Choosing an Elementary School
Many families opt to send their children to the school they are assigned to. But if you decide you want something different or, in your eyes, "better," then you have to consider numerous factors including class size, school size, test scores, teacher-to-pupil ratio, and so on. For example, in "Choose Your Child's School with Confidence," the authors assert that classes with 17 students or fewer are better than larger ones.
Also, in this age of budgetary cutbacks, some parents look closely at how many "extras" a school offers, such as physical education, art, music, and languages. Most schools list much of this information on their websites, so you can do a lot of legwork in front of your computer.
Don't forget to consider simple logistics as well -- things like location or what time the school starts.
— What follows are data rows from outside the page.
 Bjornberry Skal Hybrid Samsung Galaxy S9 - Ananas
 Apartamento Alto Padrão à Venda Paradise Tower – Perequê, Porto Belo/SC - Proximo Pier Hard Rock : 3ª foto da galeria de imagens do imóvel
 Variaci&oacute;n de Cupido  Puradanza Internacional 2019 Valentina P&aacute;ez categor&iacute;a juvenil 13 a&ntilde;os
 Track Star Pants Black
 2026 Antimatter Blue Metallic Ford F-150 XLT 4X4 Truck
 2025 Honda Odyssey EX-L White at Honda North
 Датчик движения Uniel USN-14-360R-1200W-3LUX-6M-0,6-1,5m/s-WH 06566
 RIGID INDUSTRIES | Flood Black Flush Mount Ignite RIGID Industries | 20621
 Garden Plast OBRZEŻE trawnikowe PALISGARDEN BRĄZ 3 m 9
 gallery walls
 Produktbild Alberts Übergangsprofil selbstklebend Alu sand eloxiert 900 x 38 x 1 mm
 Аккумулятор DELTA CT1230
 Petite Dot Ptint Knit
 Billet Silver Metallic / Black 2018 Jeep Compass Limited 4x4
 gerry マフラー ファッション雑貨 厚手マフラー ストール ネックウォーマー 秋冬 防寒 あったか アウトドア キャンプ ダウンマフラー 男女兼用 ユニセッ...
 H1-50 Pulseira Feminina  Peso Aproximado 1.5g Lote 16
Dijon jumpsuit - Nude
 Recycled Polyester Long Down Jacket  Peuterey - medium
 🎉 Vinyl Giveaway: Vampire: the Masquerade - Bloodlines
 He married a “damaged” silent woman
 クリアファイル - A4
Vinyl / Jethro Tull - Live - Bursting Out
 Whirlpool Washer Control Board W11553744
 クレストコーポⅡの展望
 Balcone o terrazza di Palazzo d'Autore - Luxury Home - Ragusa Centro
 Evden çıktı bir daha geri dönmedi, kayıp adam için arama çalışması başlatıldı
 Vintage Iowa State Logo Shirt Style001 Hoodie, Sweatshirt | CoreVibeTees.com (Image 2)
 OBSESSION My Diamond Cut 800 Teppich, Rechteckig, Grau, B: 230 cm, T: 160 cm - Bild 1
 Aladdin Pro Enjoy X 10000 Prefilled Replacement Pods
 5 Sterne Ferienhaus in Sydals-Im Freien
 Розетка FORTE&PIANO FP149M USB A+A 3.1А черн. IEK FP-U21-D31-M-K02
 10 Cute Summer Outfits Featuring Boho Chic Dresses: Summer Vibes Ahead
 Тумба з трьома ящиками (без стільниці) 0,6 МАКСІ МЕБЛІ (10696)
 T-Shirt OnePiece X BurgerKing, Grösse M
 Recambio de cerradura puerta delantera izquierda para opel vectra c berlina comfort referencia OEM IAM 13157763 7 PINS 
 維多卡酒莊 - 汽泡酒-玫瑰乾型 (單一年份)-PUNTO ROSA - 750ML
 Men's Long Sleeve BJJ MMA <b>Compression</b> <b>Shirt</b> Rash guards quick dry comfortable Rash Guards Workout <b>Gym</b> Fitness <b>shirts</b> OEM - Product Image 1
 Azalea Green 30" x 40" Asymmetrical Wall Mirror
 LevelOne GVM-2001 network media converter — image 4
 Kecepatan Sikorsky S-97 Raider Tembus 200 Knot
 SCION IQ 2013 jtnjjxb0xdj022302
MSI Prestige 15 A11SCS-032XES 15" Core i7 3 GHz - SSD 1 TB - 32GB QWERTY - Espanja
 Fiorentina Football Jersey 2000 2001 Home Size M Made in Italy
If you are a family of late sleepers, an elementary school with an earlier-than-normal start time or one that's 30 minutes away from your house is probably not a good choice.
And be sure to factor cost into your decision -- some private day schools now cost as much as -- or more than -- many colleges.
Once you've narrowed down your list, visit the schools during a school day to get a first-hand sense of a school's "climate," says Edward L. Schor, M.D., editor of "Caring for Your School-Age Child: Ages 5-12."
This means seeing things like how the teachers and students interact, how orderly the environment seems, and if the children are well behaved while still having a good time.